Short text fragments from websites:
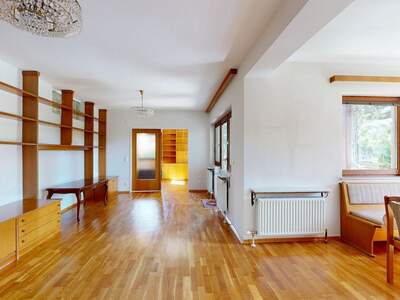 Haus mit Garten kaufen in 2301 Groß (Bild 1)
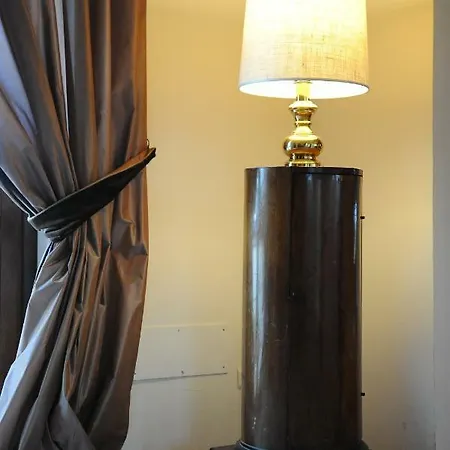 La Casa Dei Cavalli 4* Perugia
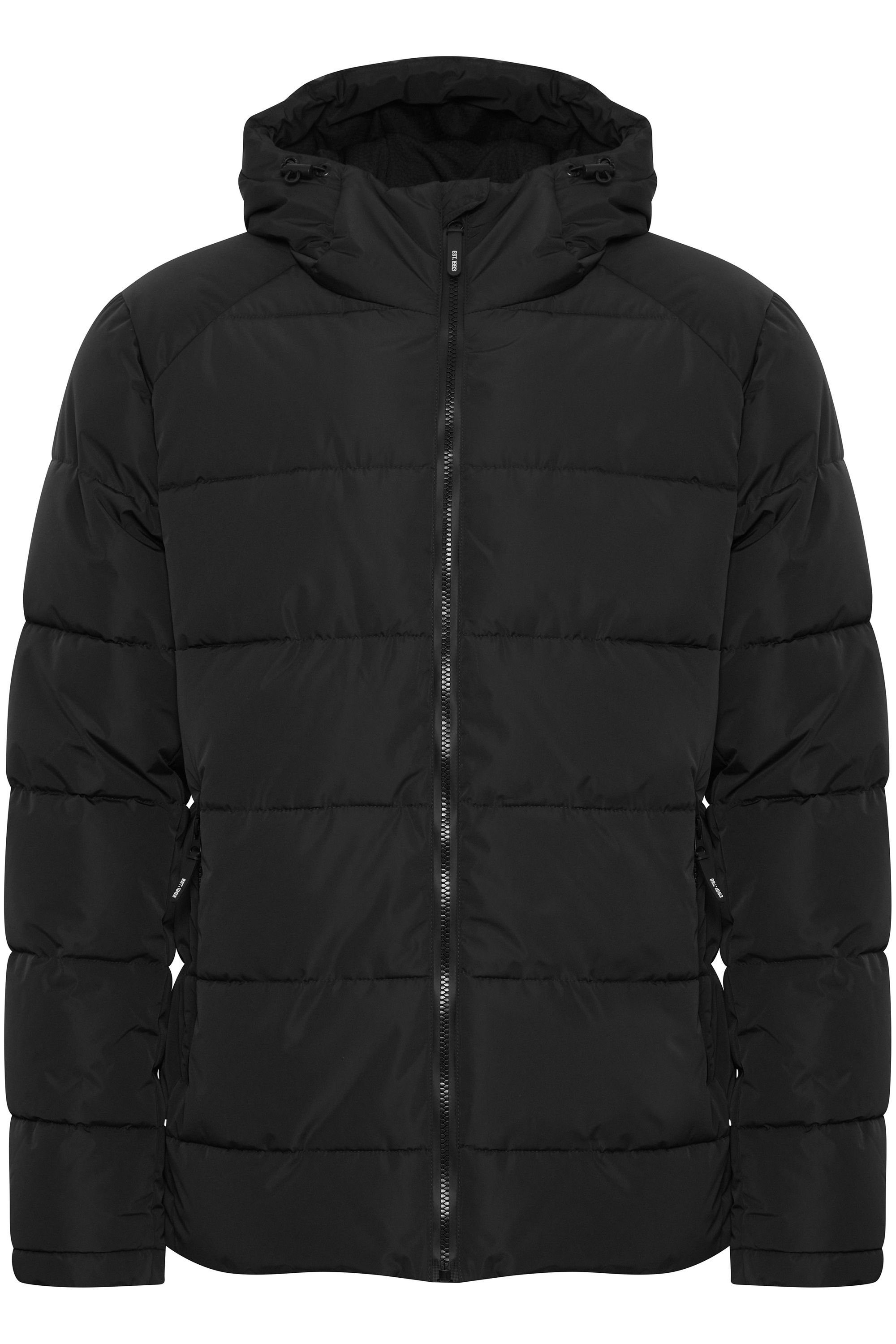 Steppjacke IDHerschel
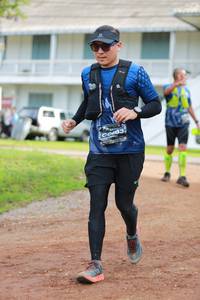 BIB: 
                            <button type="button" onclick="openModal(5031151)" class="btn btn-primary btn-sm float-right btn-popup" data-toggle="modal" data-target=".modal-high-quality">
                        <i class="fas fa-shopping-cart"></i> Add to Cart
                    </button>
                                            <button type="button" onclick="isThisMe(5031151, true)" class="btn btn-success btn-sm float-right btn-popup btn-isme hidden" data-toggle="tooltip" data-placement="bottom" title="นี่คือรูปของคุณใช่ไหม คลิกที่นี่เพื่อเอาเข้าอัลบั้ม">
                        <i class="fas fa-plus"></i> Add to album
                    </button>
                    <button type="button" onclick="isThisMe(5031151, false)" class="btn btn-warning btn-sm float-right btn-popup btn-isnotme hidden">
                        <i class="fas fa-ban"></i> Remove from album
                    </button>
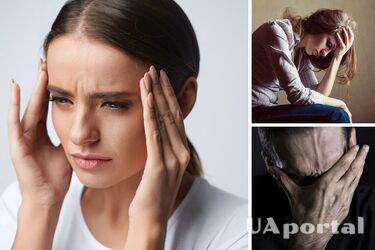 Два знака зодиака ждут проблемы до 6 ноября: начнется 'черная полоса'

YOUR TASK: When you reproduce the entries above, keep every word exactly and leave out each picture.

TASK RESPONSE:
 Haus mit Garten kaufen in 2301 Groß (Bild 1)
 La Casa Dei Cavalli 4* Perugia
 Steppjacke IDHerschel
 BIB: 
                            <button type="button" onclick="openModal(5031151)" class="btn btn-primary btn-sm float-right btn-popup" data-toggle="modal" data-target=".modal-high-quality">
                        <i class="fas fa-shopping-cart"></i> Add to Cart
                    </button>
                                            <button type="button" onclick="isThisMe(5031151, true)" class="btn btn-success btn-sm float-right btn-popup btn-isme hidden" data-toggle="tooltip" data-placement="bottom" title="นี่คือรูปของคุณใช่ไหม คลิกที่นี่เพื่อเอาเข้าอัลบั้ม">
                        <i class="fas fa-plus"></i> Add to album
                    </button>
                    <button type="button" onclick="isThisMe(5031151, false)" class="btn btn-warning btn-sm float-right btn-popup btn-isnotme hidden">
                        <i class="fas fa-ban"></i> Remove from album
                    </button>
 Два знака зодиака ждут проблемы до 6 ноября: начнется 'черная полоса'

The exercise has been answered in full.